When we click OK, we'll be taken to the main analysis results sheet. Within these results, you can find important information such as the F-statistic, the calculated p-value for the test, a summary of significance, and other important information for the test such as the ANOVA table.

* * *

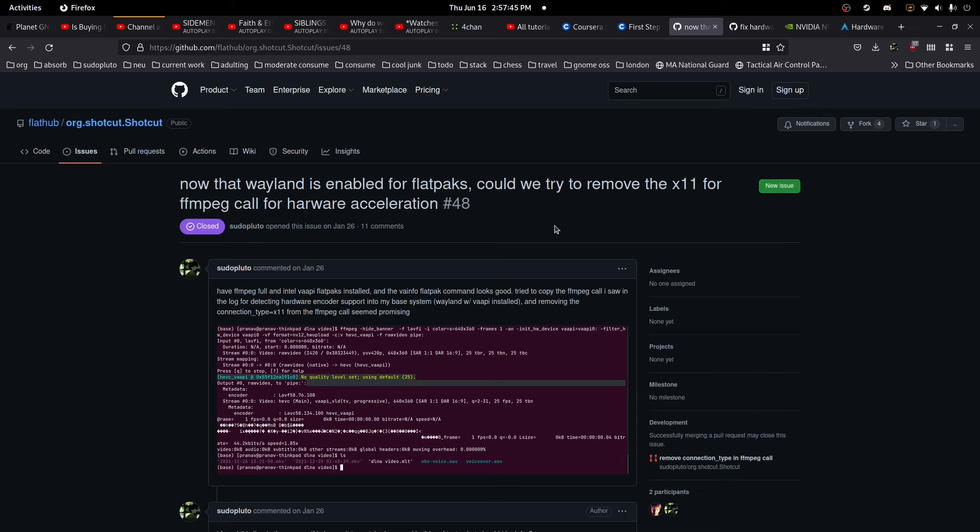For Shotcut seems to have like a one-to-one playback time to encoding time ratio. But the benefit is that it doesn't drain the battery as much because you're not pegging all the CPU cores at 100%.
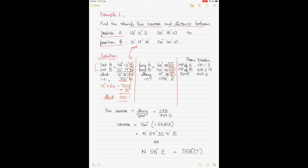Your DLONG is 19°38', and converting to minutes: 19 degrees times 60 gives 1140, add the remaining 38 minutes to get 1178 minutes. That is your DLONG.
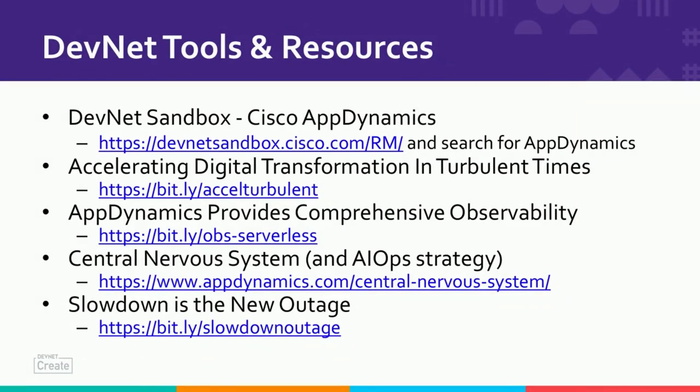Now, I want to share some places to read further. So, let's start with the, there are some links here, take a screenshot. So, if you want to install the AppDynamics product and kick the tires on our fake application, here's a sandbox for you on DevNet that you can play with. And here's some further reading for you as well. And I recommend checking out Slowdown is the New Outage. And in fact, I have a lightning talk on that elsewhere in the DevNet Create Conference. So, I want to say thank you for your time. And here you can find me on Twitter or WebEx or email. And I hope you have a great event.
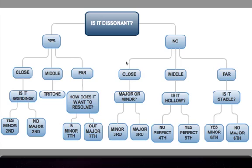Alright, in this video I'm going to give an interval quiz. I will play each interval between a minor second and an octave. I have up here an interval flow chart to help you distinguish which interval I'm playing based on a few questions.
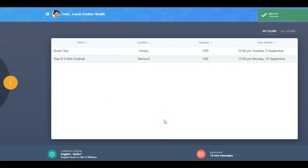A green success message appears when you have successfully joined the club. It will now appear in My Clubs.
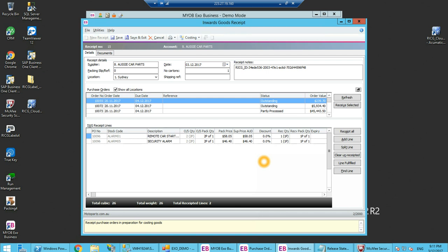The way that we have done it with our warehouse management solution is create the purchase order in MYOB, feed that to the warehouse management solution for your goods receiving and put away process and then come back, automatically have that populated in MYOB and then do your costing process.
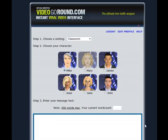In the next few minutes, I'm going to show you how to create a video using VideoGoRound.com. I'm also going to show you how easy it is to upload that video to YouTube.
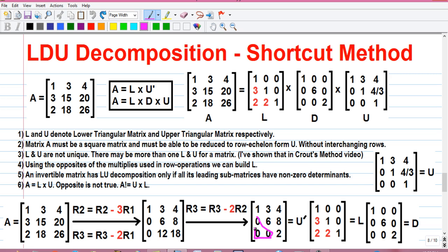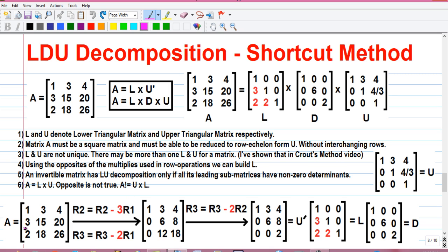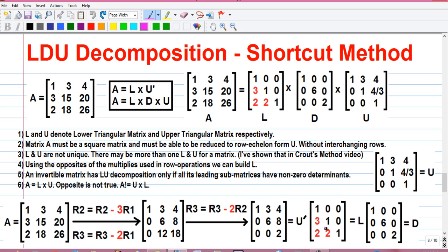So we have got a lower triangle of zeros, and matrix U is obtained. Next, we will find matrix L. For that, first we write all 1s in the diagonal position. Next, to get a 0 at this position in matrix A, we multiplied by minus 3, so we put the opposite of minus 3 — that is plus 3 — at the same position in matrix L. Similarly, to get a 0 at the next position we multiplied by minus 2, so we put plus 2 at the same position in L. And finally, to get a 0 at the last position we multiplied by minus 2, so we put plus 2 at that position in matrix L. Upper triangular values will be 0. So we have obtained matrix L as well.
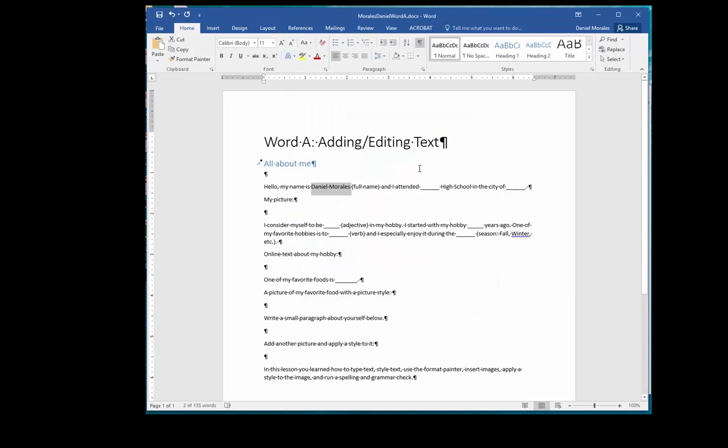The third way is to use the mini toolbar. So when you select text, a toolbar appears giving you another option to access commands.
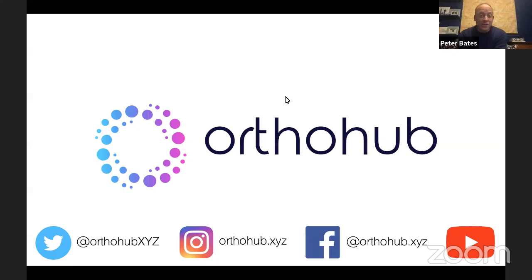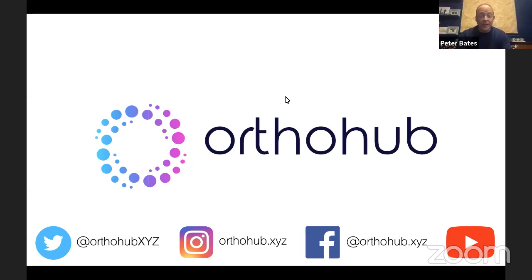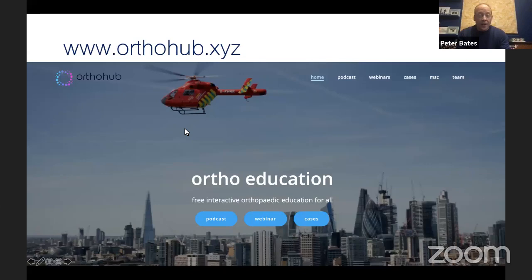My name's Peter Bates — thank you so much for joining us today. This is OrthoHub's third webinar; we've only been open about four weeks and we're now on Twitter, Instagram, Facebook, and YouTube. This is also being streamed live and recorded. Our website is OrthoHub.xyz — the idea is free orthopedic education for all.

* **Action item**
From the data above, retype only the lines starting with the line with "The way that" and going on through the line with "In the next", exactly, leaving out the pictures.

* **Written response**
The way that we have done it with our warehouse management solution is create the purchase order in MYOB, feed that to the warehouse management solution for your goods receiving and put away process and then come back, automatically have that populated in MYOB and then do your costing process.
In the next few minutes, I'm going to show you how to create a video using VideoGoRound.com. I'm also going to show you how easy it is to upload that video to YouTube.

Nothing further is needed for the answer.